Razzmatazz by Christopher Moore
A bizarre, hilarious, incredibly inventive fantasy from the master of the absurd. Probably not for nonfiction readers, but for those who love the wild humor of Moore, it’s just the ticket.
If you like the products of Damon Runyon, Dashiell Hammett, Raymond Chandler, Mickey Spillane or Groucho Marx, you’ll like this one. True to form, Moore has produced another exquisitely absurd masterpiece that is guaranteed to elicit belly laughs and a few shocked
moments, just what his fans need, want and expect. As usual, the outlandish is everyday fodder for his vivid characters who are strangely accessible, almost as though they were real people, but not. Explanation of one of Moore’s books is impossible, but reactions are relatable.
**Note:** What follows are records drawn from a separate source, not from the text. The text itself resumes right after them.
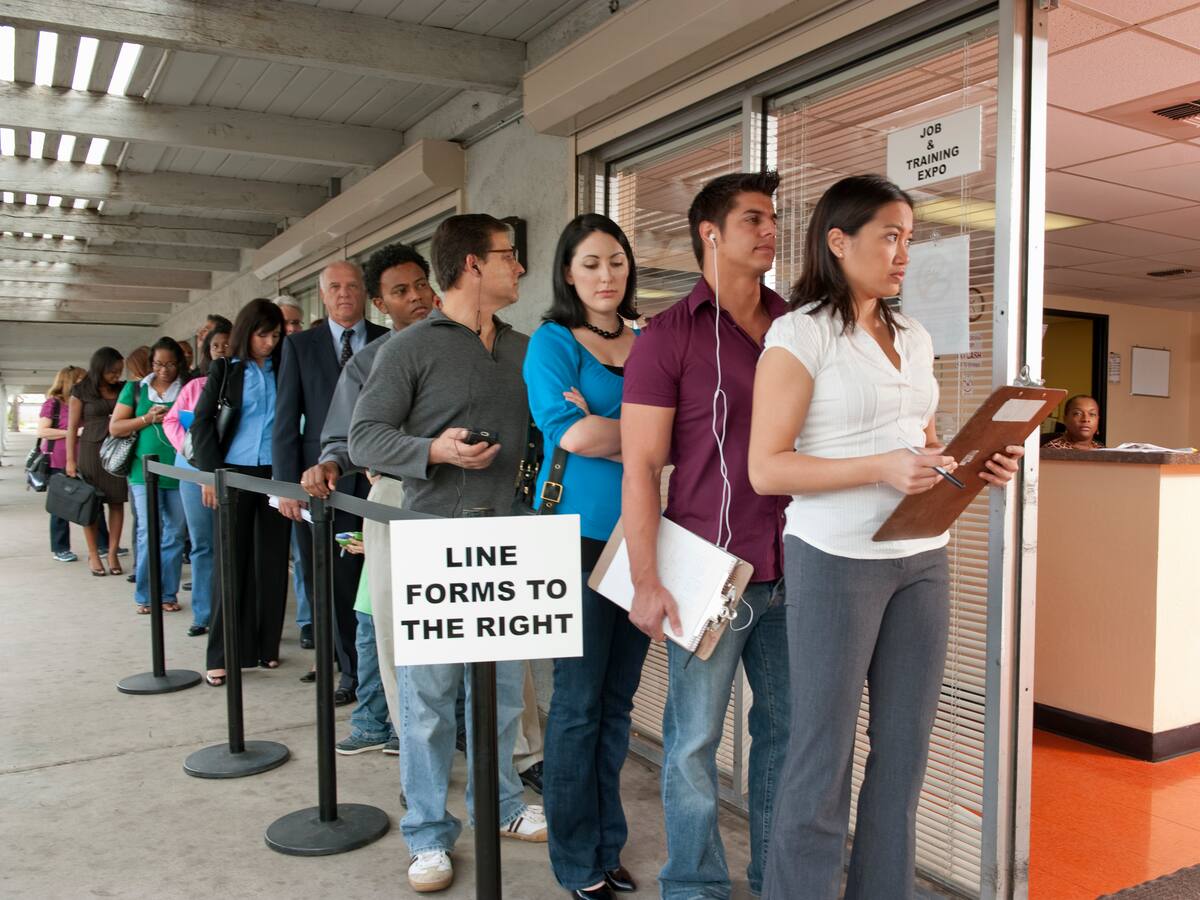 EE.UU. creó 390.000 puestos de trabajo y la tasa de desempleo se mantiene en 3,6%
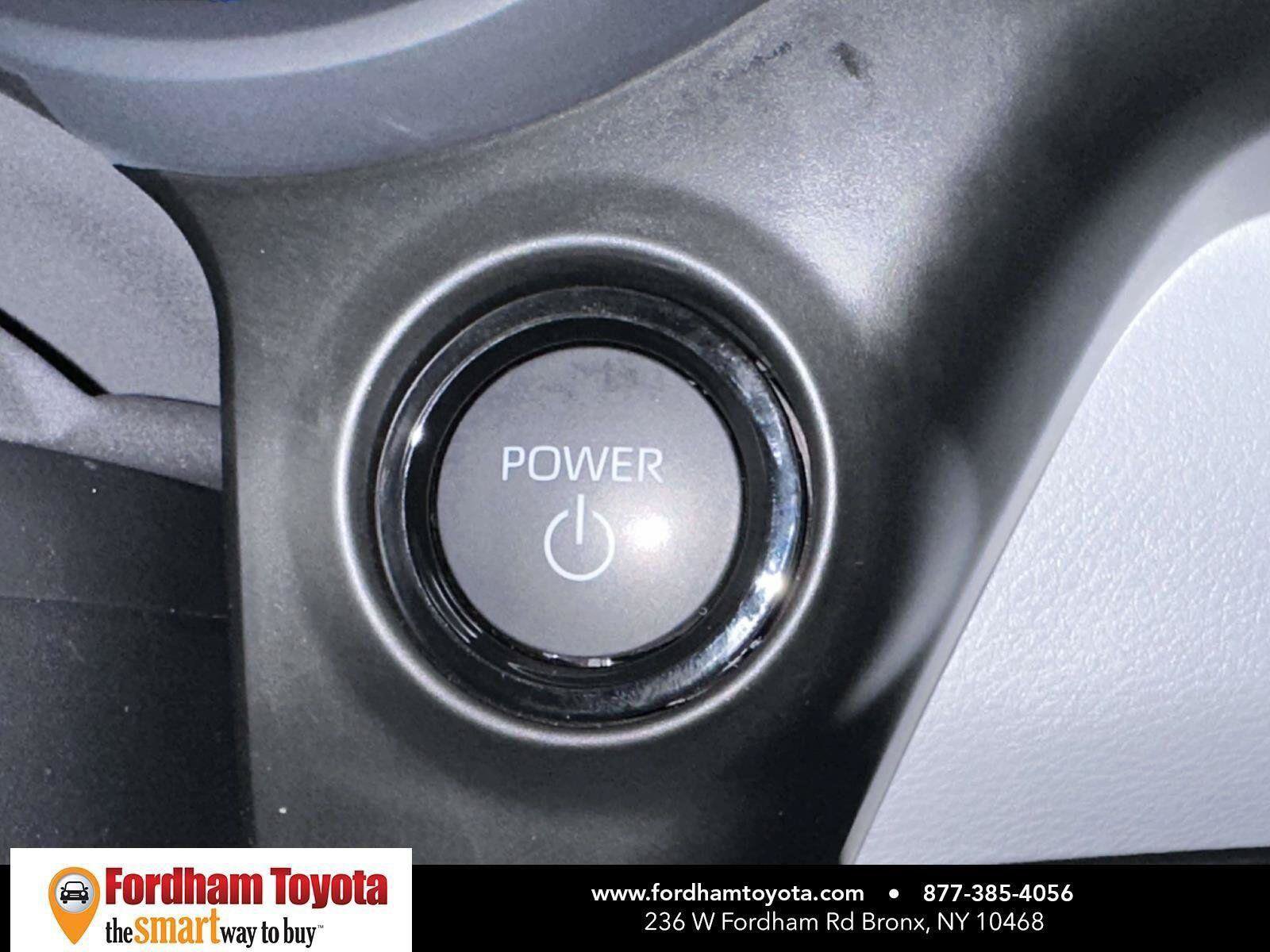 Used 2026 Toyota Sienna LE FWD image 17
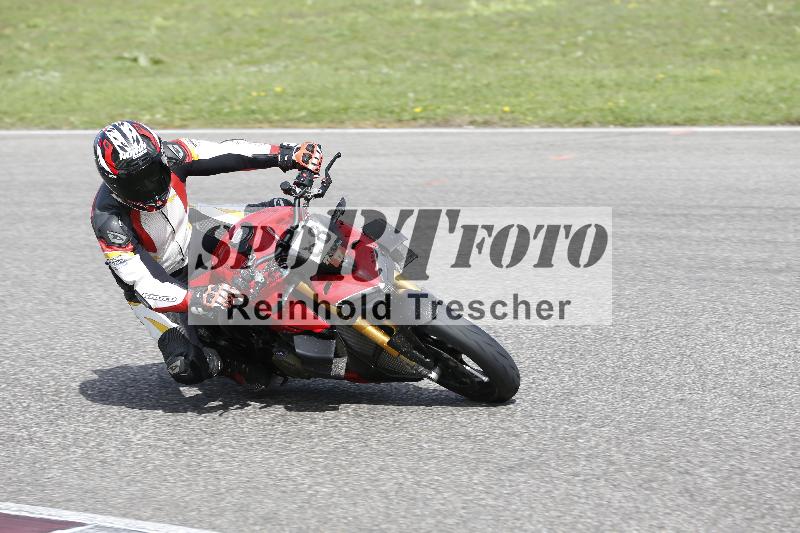 /53 16.09.2025 Track Day Domi Aegerter ADR/Gruppe rot/88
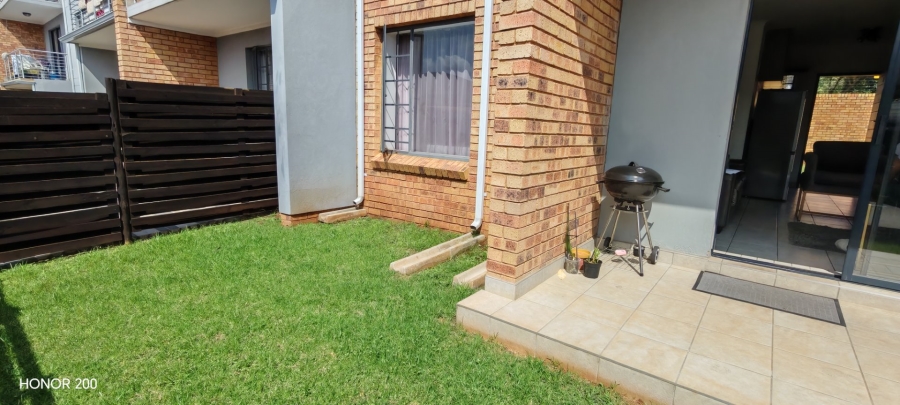 4 Bedroom Property for Sale in Monavoni Gauteng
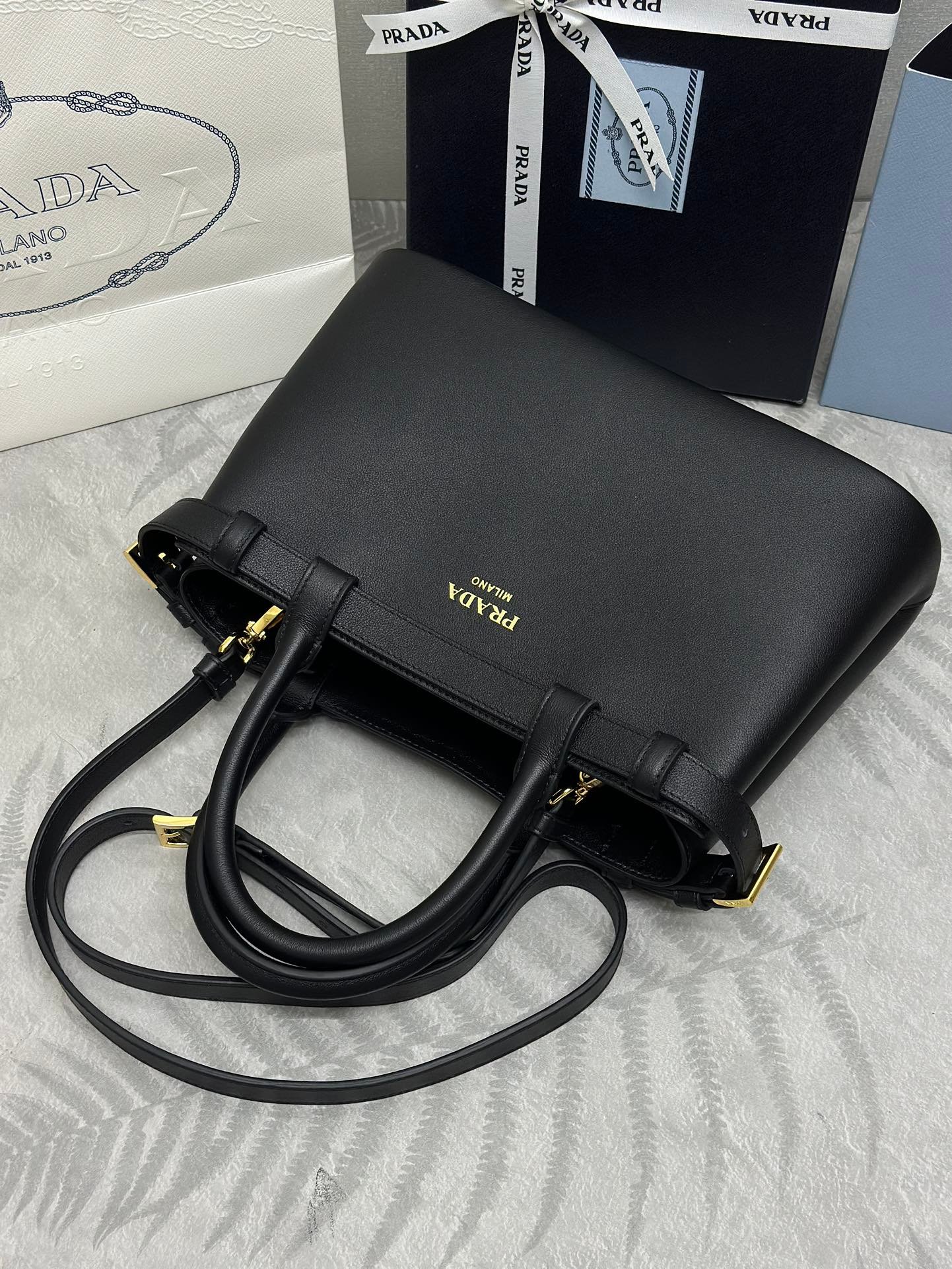 {Style No: QMLS5BKC} PRADA 25S BUCKLE MEDIUM HANDBAG 28 IN BLACK CALFSKIN GOLD HARDWRE - Image 9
Here we have Sammy “Two Toes” Tiffin, his main squeeze Tilly Stilton (known as “the Cheese”, but not to her face), Eddie “Moo Shoes” Shu, Squid Kid Fang, and an accompanying cast of equally bizarrely named characters who all live on the fringes of late 40s San Francisco society. A parade of gay clubs, dyke joints, whorehouses, dive bars and Chinatown provide the backdrop for the action, which is quite unbelievable but joyously entertaining. You get the idea, right?
Someone is killing off the lesbian patrons and employees of the much-persecuted lady clubs and Sammy is called upon to excuse himself from his bartending gig to catch the killer, help a friend who is both lovelorn and career-stumped, find a mythical Chinese idol to prevent a murder and provide logistics for Christmas party at a home for the feeble-minded which will be carried off by prostitutes (they prefer to be called “courtesans”) in elf attire whose madam will play the part of Mrs. Santa Claus. Heard enough? Not hardly. In the meantime, Cheese is involved in some kind of clandestine industrial construction project with truly weird side effects for the female workers, who are former welders and machinists, now cast aside since the war has ended. Cops, the Feds, gangsters, hookers, Chinese opium-den operators, bouncers, waitresses, a cabbie with a phobia about driving and some others difficult to categorize properly all have their parts in this circus of off-kilter adventure. All of this is backstopped by the story of Moo Shoes’ uncle Ho who was among the Chinese who immigrated to this country before the earthquake of 1906 and who was the original thief of the dragon statue that figures seminally in this tale. Enough to get you interested? It should be.